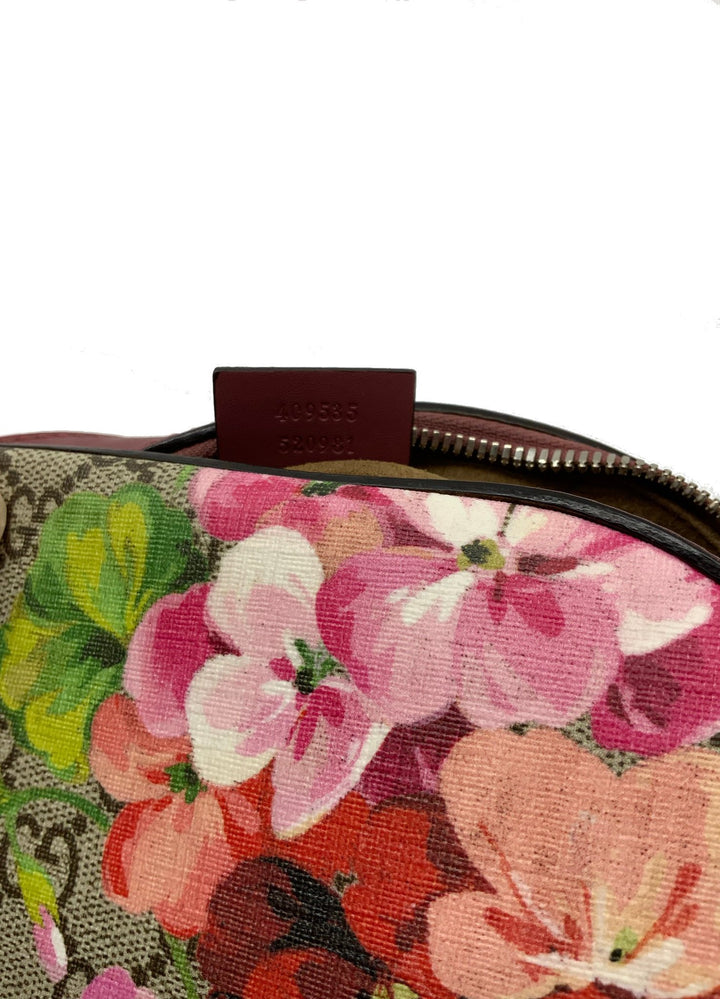 Gucci bloom supreme fashion bag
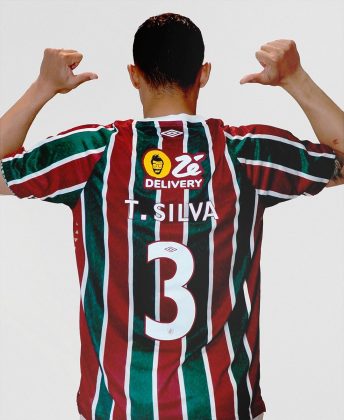 De volta ao lar: Thiago Silva retorna oficialmente ao Fluminense, assinando contrato por dois anos com o clube. (Foto: Instagram)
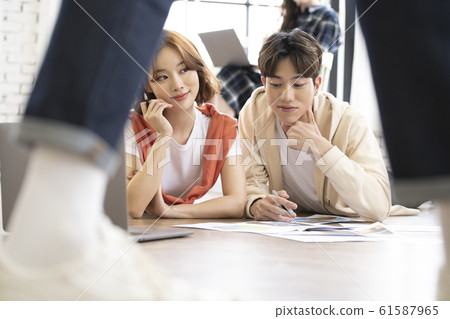 Lifestyle Chic Casual Meeting 61587965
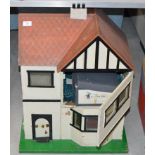 TUDOR STYLE DOLLS HOUSE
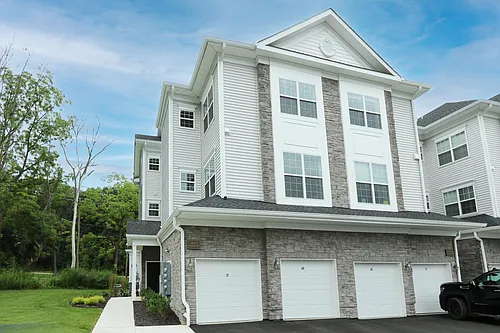 71 Veterans Way Photo 1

□ □ □

WHAT THE TASK REQUIRES: Locate the line containing "Lifestyle Chic Casual Meeting 61587965" in the material above, then repeat it and every later line exactly, with no pictures.

TASK SOLUTION:
 Lifestyle Chic Casual Meeting 61587965
 TUDOR STYLE DOLLS HOUSE
 71 Veterans Way Photo 1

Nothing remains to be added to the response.